Diese Furcht zeigte sich am Wochenende auf den Straßen von Okmeydanı. Irgendwann am Freitag kamen Sturmhauben tragende Demonstranten zu den Straßenprotesten hinzu und schwangen Molotowcocktails, Pistolen und Jagdgewehre. Die roten Sturmhauben liessen darauf schliessen, dass sie zur marxistischen Partei DHKP/C gehören, die in der Türkei als terroristische Organisation gilt. Viele waren überrascht, dass ihr Auftritt sich nicht zu einem schonungslosen Gefecht mit der Polizei entwickelte. Die Polizisten zogen sich an den Rand des Viertels zurück und feuerten aus der Entfernung Tränengas und Gummikugeln ab. Die Aktivisten schlugen zurück, indem sie Molotowcocktails warfen und Eisenmurmeln schleuderten, mit denen sie die Überwachungskameras des Viertels außer Betrieb setzten. In den frühen Morgenstunden verschwanden sie.

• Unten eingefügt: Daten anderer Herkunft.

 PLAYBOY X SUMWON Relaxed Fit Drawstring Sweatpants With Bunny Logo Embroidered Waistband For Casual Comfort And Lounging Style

Die Gezi-Proteste haben ein kritisches Bewusstsein in einem Teil der türkischen Gesellschaft erzeugt, der der Mainstream-Medien überdrüssig geworden ist und seine Aufmerksamkeit auf Okmeydanı richtet. Die Ereignisse der letzten Woche werden die staatliche Brutalität im Viertel steigern und noch stärkeren Widerstand auf der anderen Seite bewirken. Einige meinen, Okmeydanı könnte das neue Gezi werden. Im Zuge der letzten Entwicklungen hat die Polizei angefangen, Leute anzuhalten und zu überprüfen, aber auch Verhaftungen und Hausdurchsuchungen durchzuführen. Nach Polizeieinsätzen, die durch Spezialeinheiten und Helikopter unterstützt wurden, befinden sich Dutzende Menschen in Untersuchungshaft.